NOTE! The seminar is held in English and will be interpreted from arabic.
Arranged in cooperation with the Sigtuna Foundation.

The Green Road
— meeting with Anne Enright
Sunday 14.00, St Per school hall

The Green Road is the latest critically acclaimed novel by the Irish Booker Prize winner Anne Enright. The book is a family drama where Rosaleen Madigan announces that she has decided to sell the house, when the adult children come home to celebrate one last Christmas in their childhood home. The story spans 30 years and three continents, and follows the four children’s journey out in the world and back again. A family drama about breaking up, selfishness, compassion and strong but not straightforward family ties, where the things they have in common lie in the past, rather than in the present. 
Meet Anne Enright in a conversation with Madelaine Levy, literary editor at Svenska Dagbladet, on the new book, about her writing and her relationship with the Irish literary tradition.

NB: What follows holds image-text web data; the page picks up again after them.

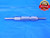 .2465 & .2475 CL X PIN PLUG GAGE GO NO GO .2500 -.0025 UNDERSIZE 1/4 6.261 mm - AR8530LVR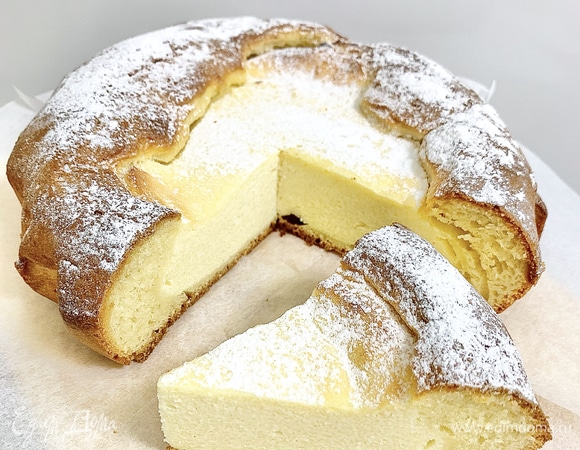 Творожный бисквит – пошаговый рецепт приготовления с фото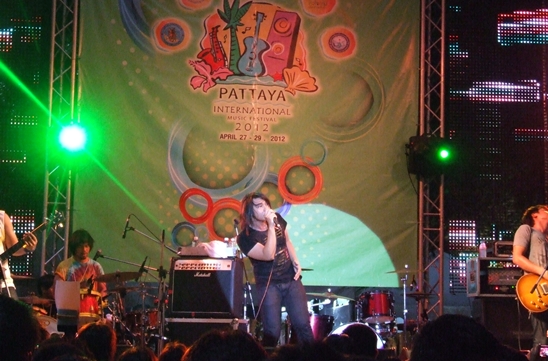 Pattaya International Music Festival 2012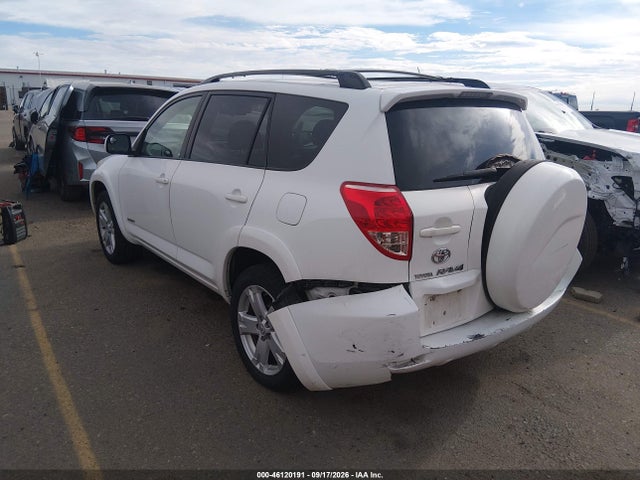 46120191 :رقم المزاد ، JTMZD32V876034796 vin ، 2007 Toyota Rav4 Sport مزاد بيع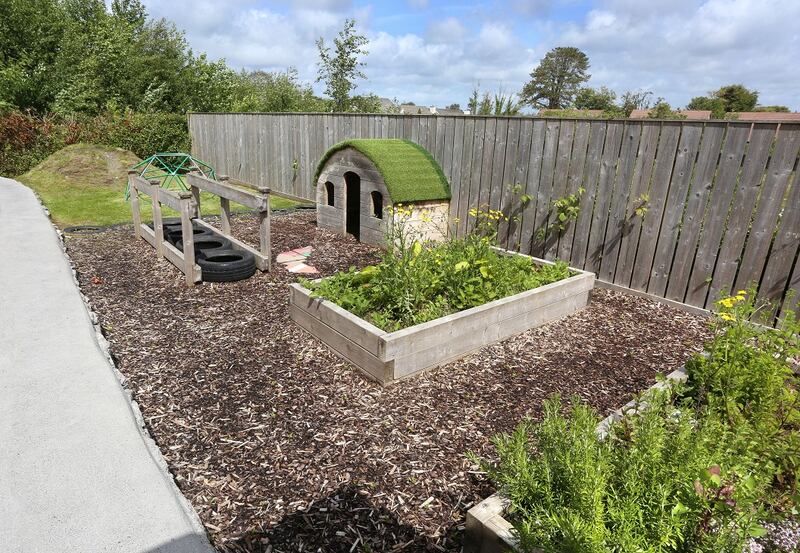 One of the play and activity areas Knollcrest Nursery & Afterschool, Moycullen, Co Galway. Photograph: Joe O'Shaughnessy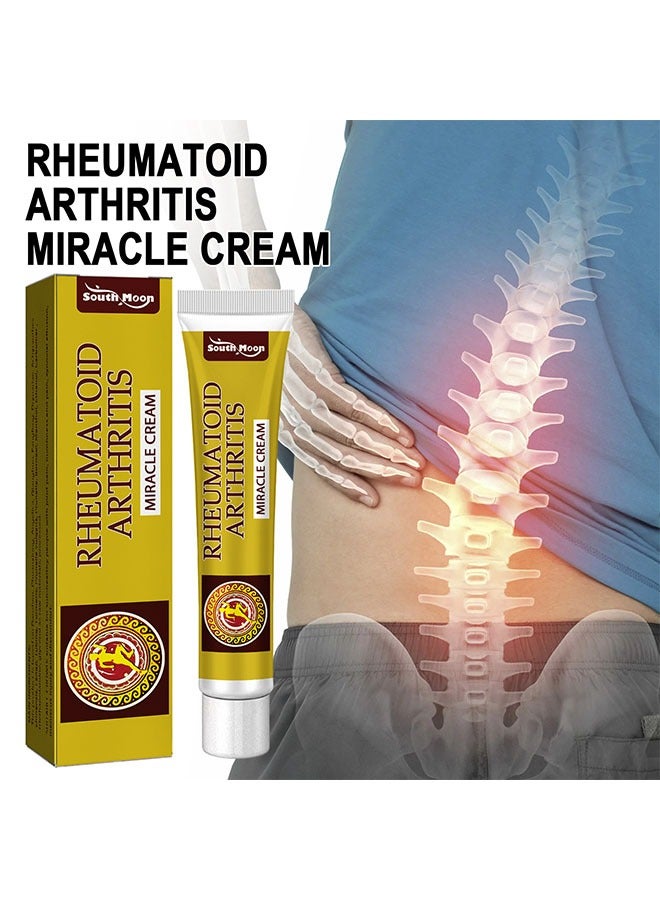 Rheumatoid Arthritis Miracle Cream Joint Pain Cream Relieves Cervical Spondylosis, Pain Numbness Of Lumbar Spine, Knee Joint Topical Cream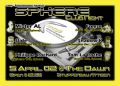 Sphere Club Night - Flyer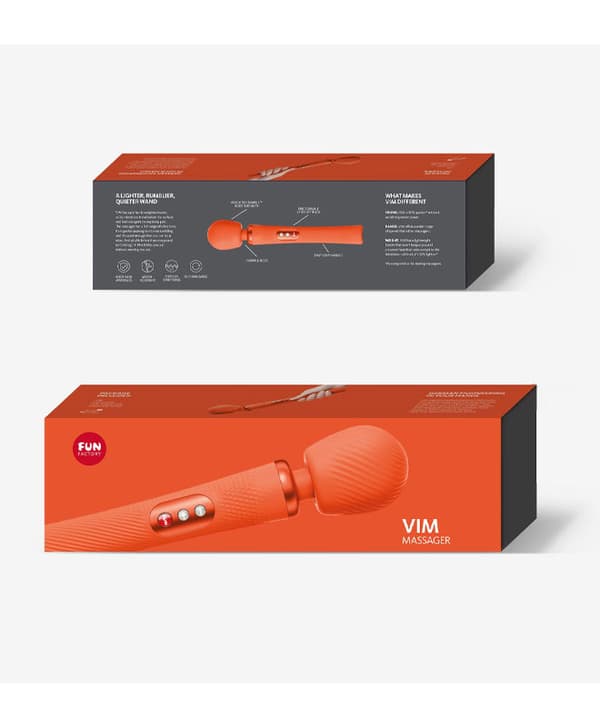 Fun Factory Vim Weighted Rumble Wand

SIGTUNA – a refuge for persecuted writers
– a call for the freedom of expression
Saturday 16:00, Sigtunastiftelsen

Since the 1990s, cities around the world have provided protection to persecuted writers within ICORN – International Cities of Refuge Network. Sigtuna has been a city of refuge since 2012. Specifically, this means that the Municipality of Sigtuna by a two-year scholarship provides financial support, shelter and protection to an author who are at risk and unable to work in his or her homeland. In a broader perspective, the work is something bigger as ensuring freedom of expression, defending democratic values and everyone’s right to free speech. Meet Iman al Ghafari Sigtuna´s ICORN writer, who just arrived to Sigtuna early this summer, in a conversation with Ola Larsmo, author and president of the Swedish PEN. The conversation is led by the director of the Sigtuna Foundation, Alf Linderman.

Arranged in cooperation with the Sigtuna Foundation and the Municipality of Sigtuna.